Nas águas doces e serenas que cortam o coração do Brasil, onde os rios desenham curvas pacientemente ao longo dos séculos e as lagoas espelham o céu, vive a senhora dos cantos líquidos: a Iara. Mais do que uma simples figura, ela é a própria alma cantante dos cursos d'água, uma entidade nascida do encontro da espuma das cachoeiras com o primeiro luar do mundo. Seus longos cabelos, negros como a noite sobre o igapó, flutuam como algas sedosas na correnteza, e sua pele tem o brilho perolado de escamas sob a lua. Sua voz, no entanto, é sua verdadeira essência – um instrumento capaz de reproduzir o som da chuva caindo na folhagem, do vento sussurrando nos caniços e da própria água correndo sobre as pedras. Quando ela canta, ao cair da tarde, a floresta inteira parece fazer uma pausa para escutar.

Seu aparecimento é governado pela lua. Em noites de lua cheia, quando o astro prateado derrama seu brilho sobre as águas, transformando-as em um caminho líquido de luz, a Iara emerge. Ela não surge de qualquer maneira. Escolhe uma pedra lisa, polida por milênios de correnteza, geralmente em uma curva escondida do rio, onde as samambaias beijam a superfície. Ali, senta-se, e começa a pentear seus cabelos infinitos com um pente feito de osso de peixe-lua. É então que seu canto começa. Não é uma música com palavras humanas, mas uma melodia pura que fala diretamente à alma. É um chamado que mistura saudade, beleza e uma promessa de esquecimento. Para o pescador solitário remando para casa, soa como um acalento. Para o coração inquieto, soa como a resposta para todos os seus anseios. É um som que parece vir de dentro do próprio ouvinte, convidativo e profundamente perigoso.
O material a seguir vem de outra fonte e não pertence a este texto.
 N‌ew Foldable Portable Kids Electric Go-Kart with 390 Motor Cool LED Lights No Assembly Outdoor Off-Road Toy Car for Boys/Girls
A Iara, porém, é uma guardiã feroz. Seu encanto não é gratuito, e sua paciência tem limites. Ela é a justiça implacável das águas. O caçador que polui o rio com restos de animais, o garimpeiro que envenena o leito com mercúrio, ou o viajante que maltrata as criaturas aquáticas, todos estão sujeitos a sua ira. Para esses, seu canto se transforma. Deixa de ser um chamado e se torna uma armadilha auditiva. Ele confunde os sentidos, apaga a memória do caminho e atrai o transgressor, passo a passo, para as partes mais fundas e traiçoeiras do rio. A lenda diz que aqueles que desaparecem nas águas sem deixar rastro foram "encantados" pela Iara, levados para seu reino subaquático como lição eterna. No entanto, para aqueles que caminham com respeito – o ribeirinho que pesca apenas o necessário, a criança que brinca na margem sem maltratar os girinos, o ancião que faz sua oferenda de flores ao rio –, o canto da Iara é uma bênção. É um sussurro de proteção que afasta as cobras, acalma a correnteza para a travessia e garante uma pesca farta. Seu canto, para esses, soa como uma canção de ninar para a floresta.

A lenda da Iara é, na sua essência, um profundo código ecológico narrado em forma de mito. Ela ensina que a água não é um recurso, mas um ser vivo, pulsante e sagrado. Em seu canto, carrega a memória de todos os ciclos: das chuvas que alimentam as nascentes ao vapor que sobe para formar novas nuvens. A Iara personifica o equilíbrio delicado e necessário para a vida. Sua fúria contra os destruidores e sua benevolência com os guardiões ilustram a relação de causa e consequência que temos com o meio ambiente. A água, fonte de vida, também pode ser fonte de perdição se não honrada. A beleza de seu canto carrega o aviso: o mistério da natureza deve ser abordado com humildade, não com dominação.

Assim, enquanto houver um rio correndo sob a lua no Brasil, a Iara continuará seu vigilante ofício. Ela é a consciência cantante das águas, uma presença que une medo e fascínio, beleza e perigo. Seu canto eterno, ecoando nas noites quentes, não é apenas uma lenda para assustar crianças; é um lembrete ancestral, um fio de melodia que nos conecta à responsabilidade sagrada de preservar os rios, os lagos e todas as vidas que deles dependem. Cuidar da natureza é, no fim, garantir que o canto da Iara seja sempre uma canção de proteção, e nunca um último chamado para as profundezas.